Reports suggest that Nike’s premiere running shoe, the Vaporfly Next%, could be banned when the World Athletics commission announces new regulations pertaining to running shoes used in official competitions.

The model was the subject of controversy late last year when reports of a possible ban first emerged, and has been under scrutiny following complaints by non-Nike-sponsored athletes, who claimed that the shoes gave Nike athletes an unfair advantage in competitions.

The shoes were last worn by Kenya’s Brigid Kosgei, who broke Paula Radcliffe’s women’s marathon record last year with a time of 2:14:04 in Chicago. The new record bested Radcliffe’s 2003 time by a whopping 81 seconds.

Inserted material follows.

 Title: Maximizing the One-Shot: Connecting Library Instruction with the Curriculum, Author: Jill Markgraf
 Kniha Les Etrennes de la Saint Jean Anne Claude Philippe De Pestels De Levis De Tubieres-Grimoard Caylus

Kenyan runner Eliud Kipchoge is another athlete that regularly wears shoes from Nike’s Vaporfly range, and became the first person to run a marathon under two hours, beating the mark by 20 seconds in Vienna last October, though this feat was not be recognized as an official record. This was because it was not in open competition and he used a team of pacemakers.

Nike’s Vaporfly range controversially utilizes extra thick midsoles with fluid chambers and carbon plates that act like springs, propelling the runner forward. As The Times reports, the technology’s effectiveness has forced World Athletics to appoint a panel of experts to investigate the products and rules, in an attempt to conclude whether the shoes provide an unfair advantage.

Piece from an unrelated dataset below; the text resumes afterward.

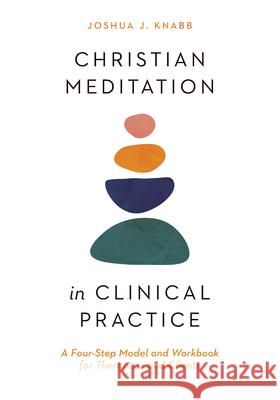 Christian Meditation in Clinical Practice: A Four-Step Model and Workbook for Therapists and Clients Joshua J. Knabb 9781514000243 IVP Academic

Because the shoes are usually released in highly-limited quantities — and the exact shoes worn by Kipchoge and other runners are usually prototypes — The Times reports that the shoes don’t fall within regulations because they are not “available to all.” In addition, it’s widely expected that World Athletics will introduce new parameters with regards to sneaker design that shoe manufacturers won’t be allowed to exceed.

It’s worth noting that the records set by athletes who wore these shoes will likely be allowed to stand, due to precedent. As Highsnobiety outlined previously, Speedo brought a patented “LZR” full-body swimsuit to the Beijing Olympics in 2008, a swimsuit that increased buoyancy and decreased drag. As a result, 25 world records were set in Beijing, 24 of which were set in a LZR suit. Subsequently, full-body suits were eventually banned in competition by FINA (Fédération internationale de natation, the swimming version of the IAAF), but those records still stand today.

Should World Athletics ban Nike’s Vaporfly sneakers, it raises the question of where the line is drawn between technological advancement and unfair advantages, and whether that is something that needs to be regulated.